Monitor and Manage Queues

The C3 Agentic AI Platform uses queues to parallelize work and run asynchronous logic in the background. As an example, batch jobs, cron jobs, and data integration jobs use queues to manage the lifecycle of a job.

When logic needs to run asynchronously, one or more entries are added to a queue. When a task node has resources available, it picks one or more entries for execution.

Overview of queues

Jobs and actions that are triggered within the application environment are processed through queues. The following overview provides a summary of the types and categories of queues available in the C3 Agentic AI Platform.

Types of queues

There are multiple kinds of queues, but they all fall in one of these categories.

Category	Description
Action	Execute an asynchronous action.
Job	Execute a compute and memory intensive job.
Data Invalidation	Re-compute calculated data when its dependencies changed.
Data Load	Load data from external systems.

List of queues

There is a queue for each different kind of logic that must be executed.

Queue	Type	Description
`ActionQueue`	Action	General purpose queue for invoking any C3 action asynchronously like persisting data in the database.
`BatchQueue`	Job	Handles all batch jobs created by users or the platform.
`CalcFieldsQueue`	Data Invalidation	Refreshes values in `stored calc` fields that have become invalidated due to data that they depend on changing.
`ChangeLogQueue`	Data Invalidation	Generic queue to track and listen for changes in data.
`CloudInvalidationQueue`	Data Load	Generic queue for cloud data processing. See below.
`CronQueue`	Job	Handles all cron jobs based on their schedules.
`FileDataQueue`	Data Load	Generic queue for file data processing. See below.
`HierDenormQueue`	Action	Updates existing hierarchy de-normalizations due to changes that altered the hierarchy of the structure.
`MapReduceQueue`	Job	Handles all map-reduce jobs create by users or the platform.
`MetricDepsQueue`	Data Invalidation	Used to update the metric dependency cache when data changes.
`MetricsQueue`	Data Invalidation	Used to invalidate cached metrics when data changes that invalidate the cached values.
`NormalizationQueue`	Data Invalidation	Used for invalidation and incremental normalization of timeseries data.
`PiiQueue`	Data Invalidation	Used to manage personal identifiable information access audits.
`PopulateAclQueue`	Data Invalidation	Used to update access control list entries.
`SourceQueue`	Data Load	Generic queue used for asynchronous processing of data sources.
`SourceStatusQueue`	Data Load.	Used to process data integration status messages to asynchronously source and target status.
`WorkflowQueue`	Job	Handles all workflow processing.
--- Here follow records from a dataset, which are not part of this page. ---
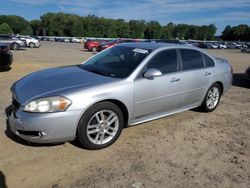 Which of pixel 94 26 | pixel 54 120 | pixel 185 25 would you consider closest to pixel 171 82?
pixel 54 120

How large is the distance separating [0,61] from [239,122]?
28.4 feet

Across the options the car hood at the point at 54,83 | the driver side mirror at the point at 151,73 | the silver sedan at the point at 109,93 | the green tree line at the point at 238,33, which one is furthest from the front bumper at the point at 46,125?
the green tree line at the point at 238,33

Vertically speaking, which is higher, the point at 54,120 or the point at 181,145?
the point at 54,120

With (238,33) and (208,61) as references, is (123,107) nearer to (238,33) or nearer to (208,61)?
(208,61)

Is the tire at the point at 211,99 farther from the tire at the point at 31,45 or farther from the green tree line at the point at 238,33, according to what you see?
the green tree line at the point at 238,33

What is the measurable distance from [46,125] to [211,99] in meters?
3.90

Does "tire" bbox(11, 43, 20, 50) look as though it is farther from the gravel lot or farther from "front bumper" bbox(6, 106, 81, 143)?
"front bumper" bbox(6, 106, 81, 143)

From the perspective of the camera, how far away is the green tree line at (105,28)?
380 ft

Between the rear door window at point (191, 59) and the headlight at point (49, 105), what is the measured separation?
255 centimetres

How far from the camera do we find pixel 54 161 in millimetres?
A: 3791

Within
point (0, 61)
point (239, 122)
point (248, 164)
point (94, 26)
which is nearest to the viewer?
point (248, 164)

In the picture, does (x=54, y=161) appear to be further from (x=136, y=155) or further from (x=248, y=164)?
(x=248, y=164)

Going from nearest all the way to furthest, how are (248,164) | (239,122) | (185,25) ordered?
(248,164) → (239,122) → (185,25)

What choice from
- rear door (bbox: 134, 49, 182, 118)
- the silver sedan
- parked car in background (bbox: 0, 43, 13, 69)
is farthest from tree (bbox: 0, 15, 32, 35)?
rear door (bbox: 134, 49, 182, 118) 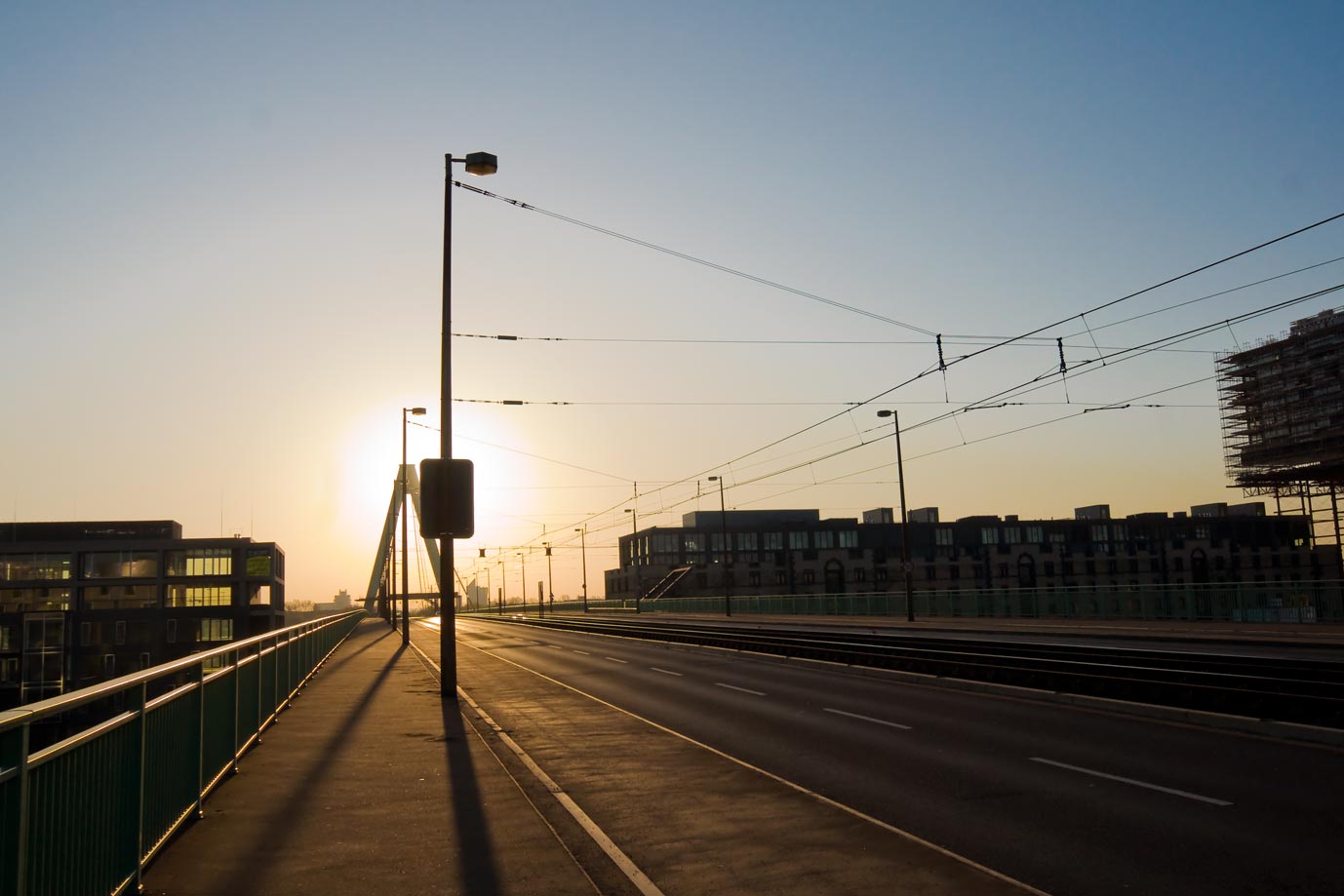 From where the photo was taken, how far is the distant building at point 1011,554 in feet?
392

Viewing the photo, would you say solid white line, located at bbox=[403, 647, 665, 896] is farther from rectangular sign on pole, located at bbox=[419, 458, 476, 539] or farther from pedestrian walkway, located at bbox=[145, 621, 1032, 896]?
rectangular sign on pole, located at bbox=[419, 458, 476, 539]

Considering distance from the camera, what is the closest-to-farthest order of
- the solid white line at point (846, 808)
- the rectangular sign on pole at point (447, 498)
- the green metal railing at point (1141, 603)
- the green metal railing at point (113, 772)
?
the green metal railing at point (113, 772) < the solid white line at point (846, 808) < the rectangular sign on pole at point (447, 498) < the green metal railing at point (1141, 603)

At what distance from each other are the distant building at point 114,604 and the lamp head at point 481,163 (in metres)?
73.7

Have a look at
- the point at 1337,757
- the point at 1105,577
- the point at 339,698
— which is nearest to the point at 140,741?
the point at 1337,757

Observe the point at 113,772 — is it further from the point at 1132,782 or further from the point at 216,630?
the point at 216,630

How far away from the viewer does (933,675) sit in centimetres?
2162

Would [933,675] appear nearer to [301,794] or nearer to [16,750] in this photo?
[301,794]

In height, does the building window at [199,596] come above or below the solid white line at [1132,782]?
above

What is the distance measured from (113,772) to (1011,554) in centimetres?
12529

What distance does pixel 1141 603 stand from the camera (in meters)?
41.1

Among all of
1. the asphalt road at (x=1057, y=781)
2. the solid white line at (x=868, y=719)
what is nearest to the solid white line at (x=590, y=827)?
the asphalt road at (x=1057, y=781)

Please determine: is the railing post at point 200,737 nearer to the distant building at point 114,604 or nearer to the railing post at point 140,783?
the railing post at point 140,783

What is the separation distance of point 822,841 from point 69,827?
560 centimetres

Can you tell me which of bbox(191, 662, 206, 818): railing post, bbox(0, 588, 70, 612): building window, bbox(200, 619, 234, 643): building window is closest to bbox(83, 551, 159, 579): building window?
bbox(0, 588, 70, 612): building window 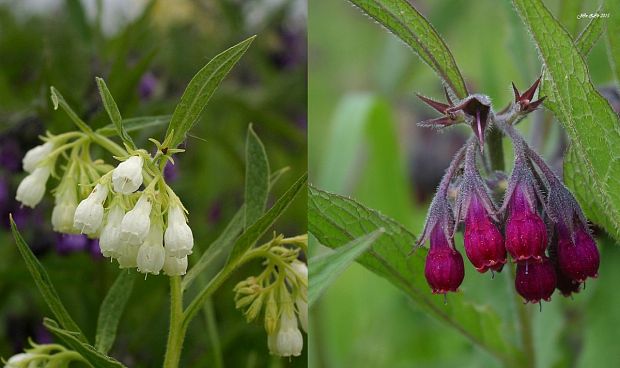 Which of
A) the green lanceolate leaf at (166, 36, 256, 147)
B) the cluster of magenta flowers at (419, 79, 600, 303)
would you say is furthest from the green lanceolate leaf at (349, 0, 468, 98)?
the green lanceolate leaf at (166, 36, 256, 147)

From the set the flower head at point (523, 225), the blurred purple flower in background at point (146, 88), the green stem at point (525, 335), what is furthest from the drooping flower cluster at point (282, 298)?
the blurred purple flower in background at point (146, 88)

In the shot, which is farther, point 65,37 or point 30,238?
point 65,37

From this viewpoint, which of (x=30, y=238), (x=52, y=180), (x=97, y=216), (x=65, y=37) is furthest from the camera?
(x=65, y=37)

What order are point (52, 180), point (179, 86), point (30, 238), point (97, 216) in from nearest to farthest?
point (97, 216)
point (52, 180)
point (30, 238)
point (179, 86)

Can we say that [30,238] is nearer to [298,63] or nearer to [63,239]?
[63,239]

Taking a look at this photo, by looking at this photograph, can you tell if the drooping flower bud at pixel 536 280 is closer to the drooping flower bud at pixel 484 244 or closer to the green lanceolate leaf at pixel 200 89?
the drooping flower bud at pixel 484 244

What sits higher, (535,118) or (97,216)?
(535,118)

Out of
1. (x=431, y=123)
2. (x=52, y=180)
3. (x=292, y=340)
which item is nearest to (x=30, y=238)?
(x=52, y=180)

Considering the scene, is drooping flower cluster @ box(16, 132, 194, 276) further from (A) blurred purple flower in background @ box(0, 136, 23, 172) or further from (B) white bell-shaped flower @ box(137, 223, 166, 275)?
(A) blurred purple flower in background @ box(0, 136, 23, 172) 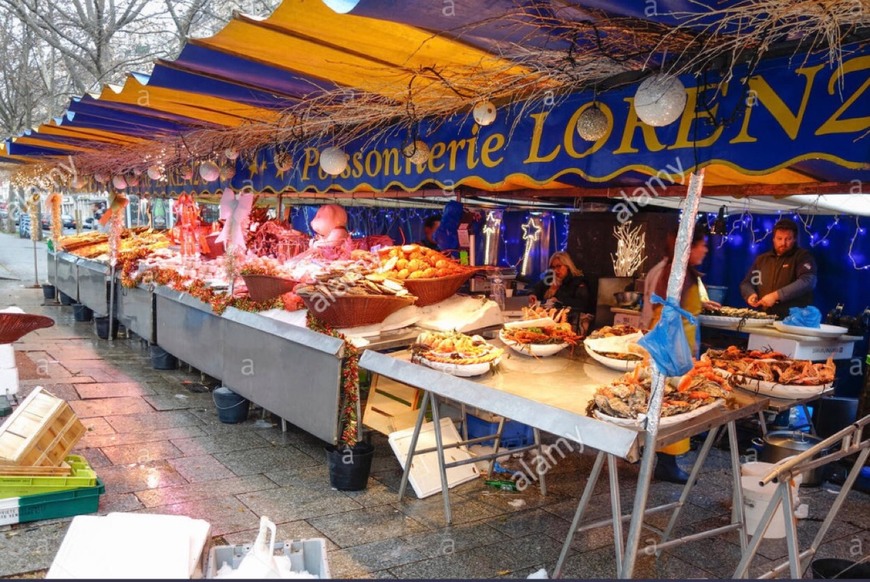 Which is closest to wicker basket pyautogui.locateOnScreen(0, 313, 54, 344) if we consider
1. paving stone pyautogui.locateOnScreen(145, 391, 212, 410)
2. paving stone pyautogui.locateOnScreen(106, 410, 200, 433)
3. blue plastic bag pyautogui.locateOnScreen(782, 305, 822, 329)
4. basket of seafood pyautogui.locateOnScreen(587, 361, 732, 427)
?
paving stone pyautogui.locateOnScreen(106, 410, 200, 433)

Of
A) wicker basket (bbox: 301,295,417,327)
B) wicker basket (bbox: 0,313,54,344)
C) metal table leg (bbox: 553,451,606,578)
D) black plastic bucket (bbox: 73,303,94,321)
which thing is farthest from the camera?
black plastic bucket (bbox: 73,303,94,321)

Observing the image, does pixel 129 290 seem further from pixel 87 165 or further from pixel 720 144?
pixel 720 144

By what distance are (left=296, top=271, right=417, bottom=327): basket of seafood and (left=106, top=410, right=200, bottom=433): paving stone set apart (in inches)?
88.7

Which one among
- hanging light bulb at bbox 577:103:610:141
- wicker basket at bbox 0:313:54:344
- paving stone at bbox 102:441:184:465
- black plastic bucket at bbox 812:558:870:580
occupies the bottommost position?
paving stone at bbox 102:441:184:465

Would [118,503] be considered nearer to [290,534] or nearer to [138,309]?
[290,534]

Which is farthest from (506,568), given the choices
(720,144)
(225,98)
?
(225,98)

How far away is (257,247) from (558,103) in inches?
205

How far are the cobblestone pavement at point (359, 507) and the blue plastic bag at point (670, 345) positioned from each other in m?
1.31

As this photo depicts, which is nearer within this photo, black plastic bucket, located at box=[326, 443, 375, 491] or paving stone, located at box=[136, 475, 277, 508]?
paving stone, located at box=[136, 475, 277, 508]

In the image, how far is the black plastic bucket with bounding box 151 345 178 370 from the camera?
880 cm

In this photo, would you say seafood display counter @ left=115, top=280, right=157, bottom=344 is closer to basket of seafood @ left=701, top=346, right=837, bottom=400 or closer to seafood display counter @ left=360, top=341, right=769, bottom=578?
seafood display counter @ left=360, top=341, right=769, bottom=578

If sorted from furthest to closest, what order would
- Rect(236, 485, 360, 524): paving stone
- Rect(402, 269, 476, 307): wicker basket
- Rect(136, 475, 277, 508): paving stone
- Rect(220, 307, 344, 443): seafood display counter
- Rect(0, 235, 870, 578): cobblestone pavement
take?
Rect(402, 269, 476, 307): wicker basket, Rect(220, 307, 344, 443): seafood display counter, Rect(136, 475, 277, 508): paving stone, Rect(236, 485, 360, 524): paving stone, Rect(0, 235, 870, 578): cobblestone pavement

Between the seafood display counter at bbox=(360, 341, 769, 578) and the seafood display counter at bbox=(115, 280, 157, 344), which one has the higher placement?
the seafood display counter at bbox=(360, 341, 769, 578)

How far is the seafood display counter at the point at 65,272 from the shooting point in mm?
12578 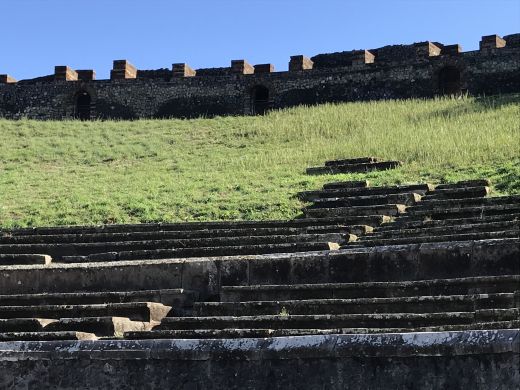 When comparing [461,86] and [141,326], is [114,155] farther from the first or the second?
[141,326]

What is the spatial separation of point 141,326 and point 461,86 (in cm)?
2387

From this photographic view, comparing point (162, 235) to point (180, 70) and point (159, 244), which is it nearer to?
point (159, 244)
For cloud data processing, there are multiple queues.

Queue	Type	Description
`EventHubQueue`	Data Load	Used to import data from Azure Event Hub.
`KafkaQueue`	Data Load	Used to import data from Apache Kafka.
`KinesisQueue`	Data Load	Used to import data from Amazon Kinesis.
`SqsQueue`	Data Load	Used to import data from Amazon SQS.

Overview of queue management

Queue Management helps you monitor and perform basic administrative actions on those queues.

For example, you might choose to pause one or more queues if a reoccurring error is discovered in a MapReduce job. In this instance, a typical workflow would be to fix the application code error, deploy the application fix, unpause the MapReduce Queue, then finally, recover (reprocess) the failed actions in the MapReduceQueue using the queue management tooling in the C3 Agentic AI Platform.

You can perform the following actions on a queue:

Resume - SourceQueue.resume()
Pause - SourceQueue.pause()
Recover - SourceQueue.recover()
Clear - SourceQueue.clear({ status: 'failed'})
CAUTION: Clearing queues deletes the error message, which therefore cannot be recovered or reprocessed. It is best practice is to recover errors in a queue instead of clearing them, fix the underlying issue, then recover the queue. The error count is reduced each time a recovered error succeeds.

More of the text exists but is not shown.